[Collected data]
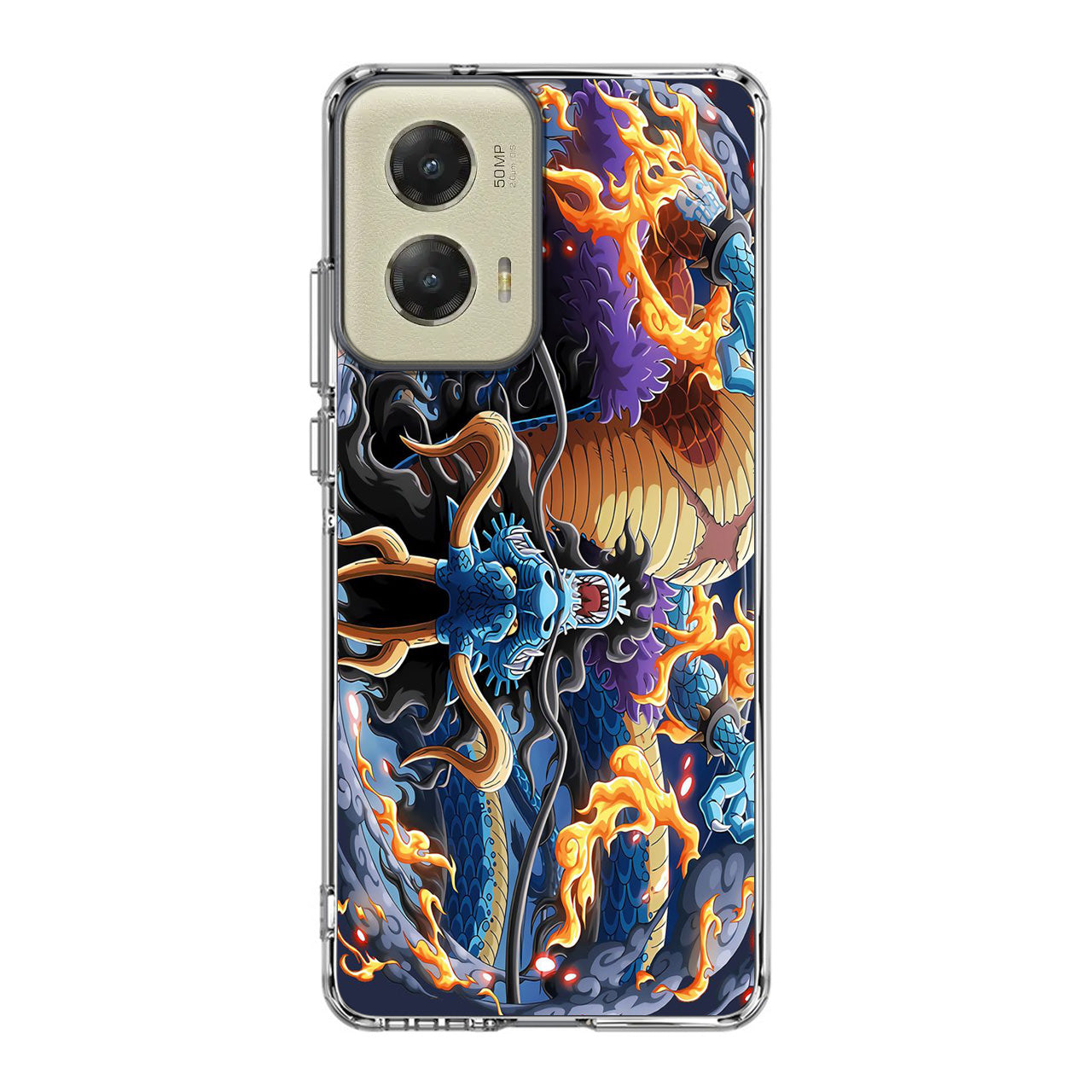 Kaido The Dragon Motorola Moto G Stylus 5G 2024 Case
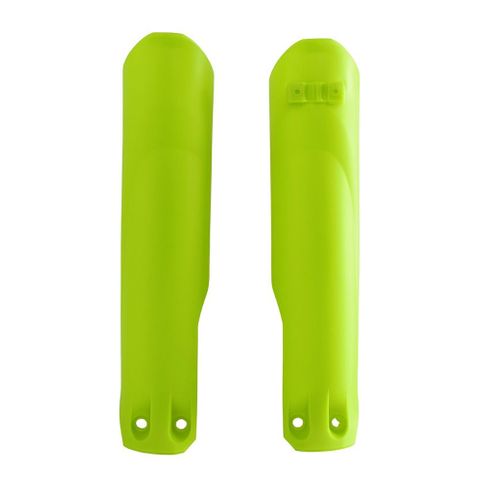 FORK PROTECTORS RTECH BETA 20-22 FLURO YELLOW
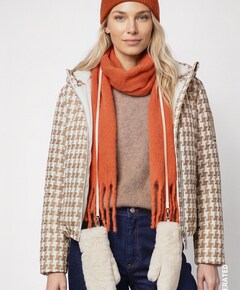 Dames wanten beige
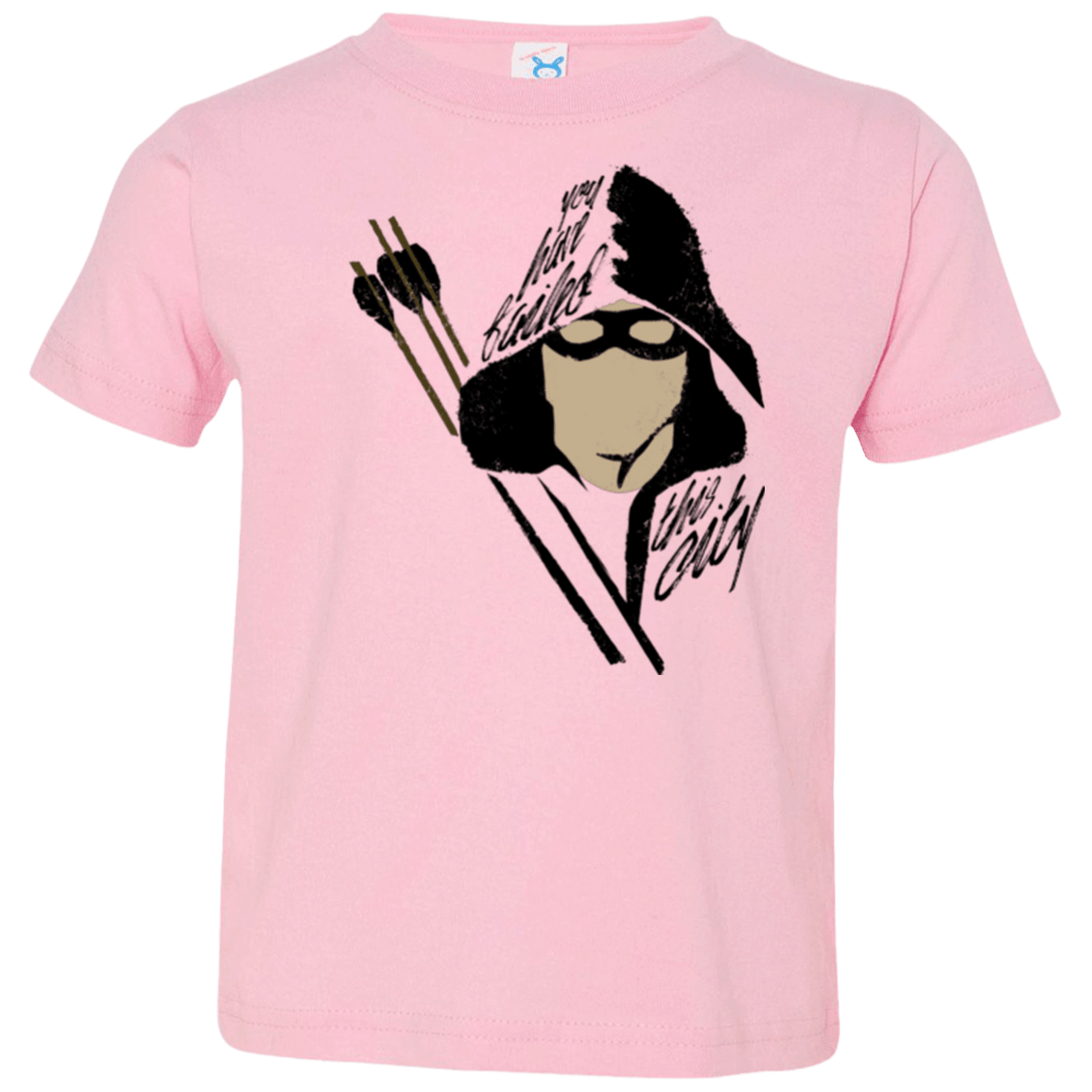 T-Shirts Pink / 2T Green Archer Toddler Premium T-Shirt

[The task] Find the line holding "Dames wanten beige" in the data above. Retype it and every later line exactly, through the end, but not the pictures.

[Exercise output]
 Dames wanten beige
 T-Shirts Pink / 2T Green Archer Toddler Premium T-Shirt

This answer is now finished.